§ **What you will do**
The response should repeat word for word every line below from the one with "Noblemen Coastal Home Lagos" to the one with "Defender Redragon Placet - Gaming Headphones", inclusive, and nothing else; leave pictures out.

§ **Data shown**
____________

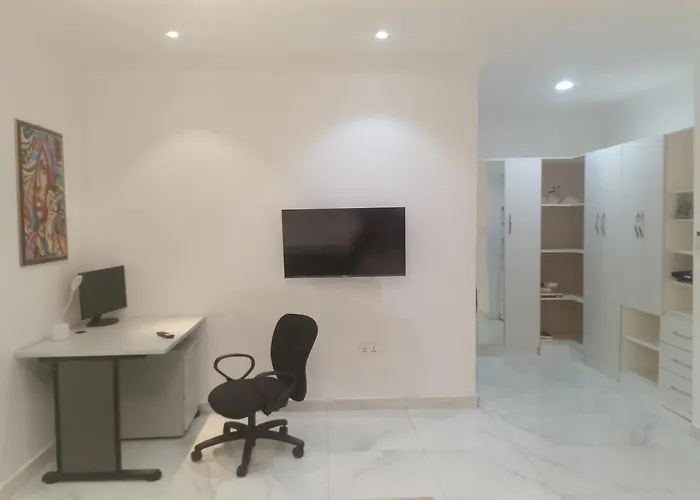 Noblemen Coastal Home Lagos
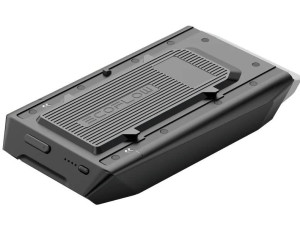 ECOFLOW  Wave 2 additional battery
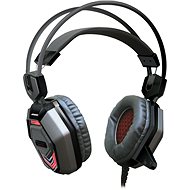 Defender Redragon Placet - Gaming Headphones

____________

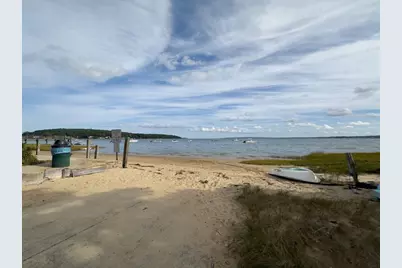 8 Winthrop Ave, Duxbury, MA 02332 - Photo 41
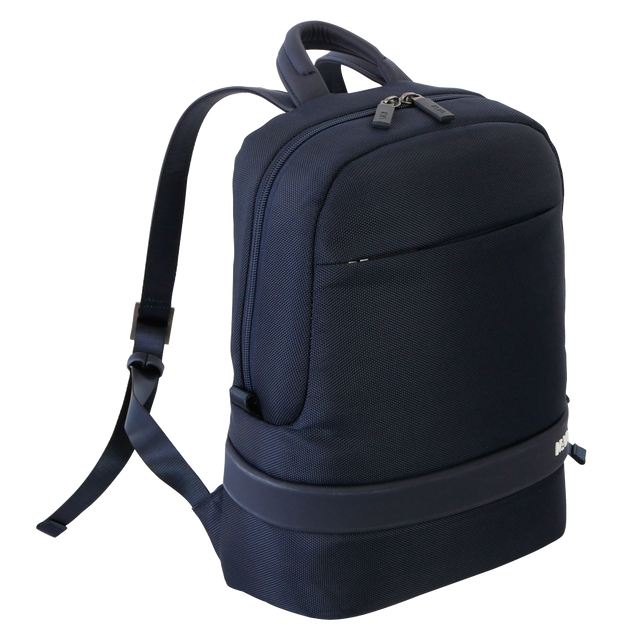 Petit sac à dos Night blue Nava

____________

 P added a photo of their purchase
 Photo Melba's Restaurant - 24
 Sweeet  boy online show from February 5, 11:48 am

____________

§ **Result below**
 Noblemen Coastal Home Lagos
 ECOFLOW  Wave 2 additional battery
 Defender Redragon Placet - Gaming Headphones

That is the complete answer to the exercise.